By fighting the removal of the state and local tax deduction, Minnesota Democrats show that tax rates do matter

Last week, the Republicans released the ‘framework’ of their proposed tax reform. They claim it will lower tax rates and make the tax code simpler and fairer. Whether it achieves these aims or not, one thing it will do is raise Minnesotan’s taxes.

Your money, St.Paul’s, or D.C.’s?

The GOP plan proposes eliminating the state and local tax deduction (SALT). This lets tax filers deduct the taxes they pay to state and local governments from the total of their income calculated for federal tax purposes.

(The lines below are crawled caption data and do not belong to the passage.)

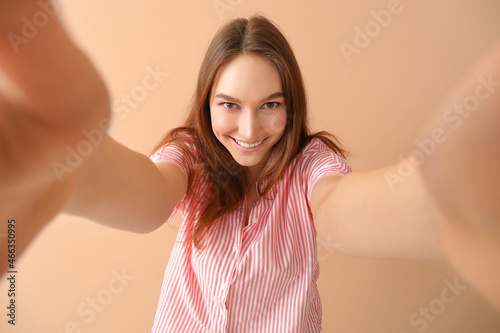 Happy young woman taking se...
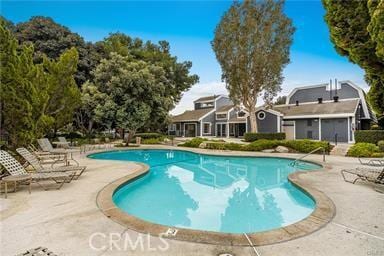 20122 Bayfront Ln Unit 102, Huntington Beach, CA 92646 - swimming pool with a patio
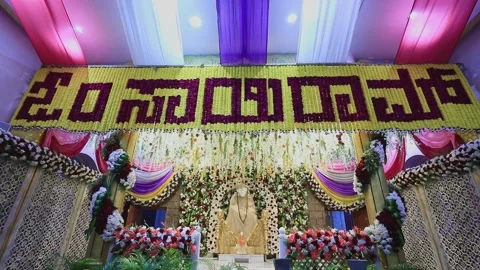 A tilt view of the Sai Ram or Sai Baba idol amidst floral decoration Vídeo Stock 234523225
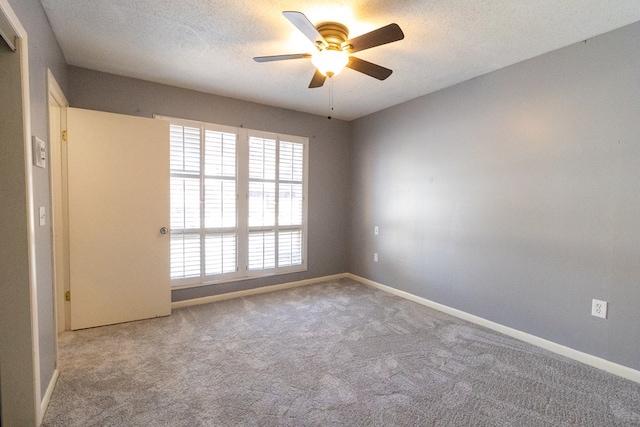 carpeted spare room with ceiling fan and a textured ceiling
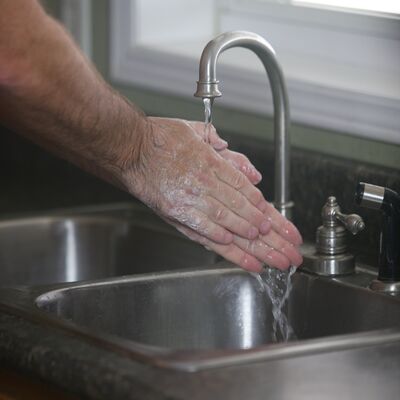 Eine männliche Person wäscht sich die Hände unter einem Wasserhahn.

Those living in places with high state and local income or property taxes can save thousands of dollars a year. The top rate of state income tax in Minnesota is currently 9.850% on incomes over $156,911 annually. With the SALT, these filers can deduct the amount due under these rates from the income assessed for federal tax. In Twin Cities Business, V.V. Chari, a professor of economics at the University of Minnesota, explained how it worked as subsidy from Washington DC to state governments

He uses the example of a Minnesotan making $1,000,000 — subject to a 9.85 percent state income tax rate and a 39.6 percent federal income tax rate — to illustrate the point.
 
Deducting that person’s $100,000 tax liability to the state of Minnesota, Chari explains, means their federal taxable income drops to $900,000.
 
“What that means is your federal tax liability is $40,000 less than it would have been if your state and local taxes were not deducted,” he said. “It’s as if the federal government is paying $40,000 to the state of Minnesota on your behalf.”

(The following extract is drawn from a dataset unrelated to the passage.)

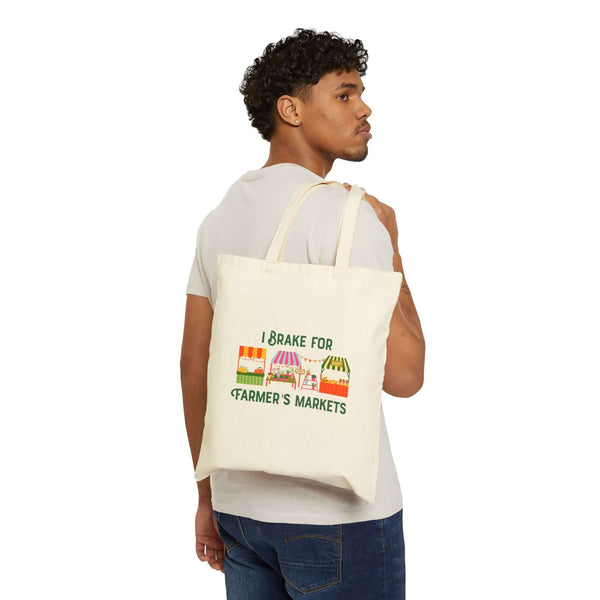 I Brake for Farmer’s Markets Tote being carried by a person wearing a casual outfit.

And Minnesotans take advantage of this deduction. Roughly a third of the state’s tax filers claim some SALT deduction, well above the national average. Minnesotans

…deduct an average of $11,600. Fully half of Hennepin County households claim it, netting an average deduction of $17,600, according to the National Association of Counties.
 
Across the border in South Dakota — where there is no state income tax — the story is very different. Only 17 percent of filers claim the SALT deduction, and get an average deduction of $5,800.

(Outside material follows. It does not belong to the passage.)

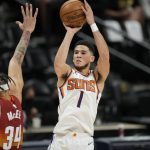 Phoenix Suns guard Devin Booker, right, shoots over Denver Nuggets center JaVale McGee in the first half of Game 4 of an NBA second-round playoff series Sunday, June 13, 2021, in Denver. (AP Photo/David Zalubowski)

Within Minnesota, the importance of the deduction depends on where you are. In the 3rd Congressional District, encompassing the affluent west metro suburbs, 46 percent of filers claimed an average deduction of $8,000, per a Bloomberg analysis. In the rural 7th Congressional District, however, only 25 percent of filers claimed an average deduction of $2,500.

If the SALT goes, however, the Minnesotan tax filers who claim the deduction would see an average increase of $2,261 in their federal tax bill, according to the Tax Policy Center.

High taxes are good, so what’s the problem? 

Twin Cities Business writes that

The policy’s importance in the North Star State is fomenting interesting politics in Washington, with Minnesota Democrats generally in favor keeping a tax break primarily claimed by wealthy filers

But why would they do this? These are the people who have passed Minnesota’s high tax rates into law. These are the people who have told us high taxes are a good thing. These are the people who have said time and again that tax rates don’t affect decisions about location, employment, and investment. If they really believed that, why would they be worried? Surely people will be grateful to ‘contribute’ more money in taxation and carry on paying regardless.

Of course, the fuss about SALT shows what these policymakers really think. Talking about yanking up tax rates on the rich is one thing. Actually paying them is another. Actions speak louder than words, and in their defense of SALT Minnesota’s Congressional Democrats are saying loud and clear “No new tax”

John Phelan is an economist at Center of the American Experiment.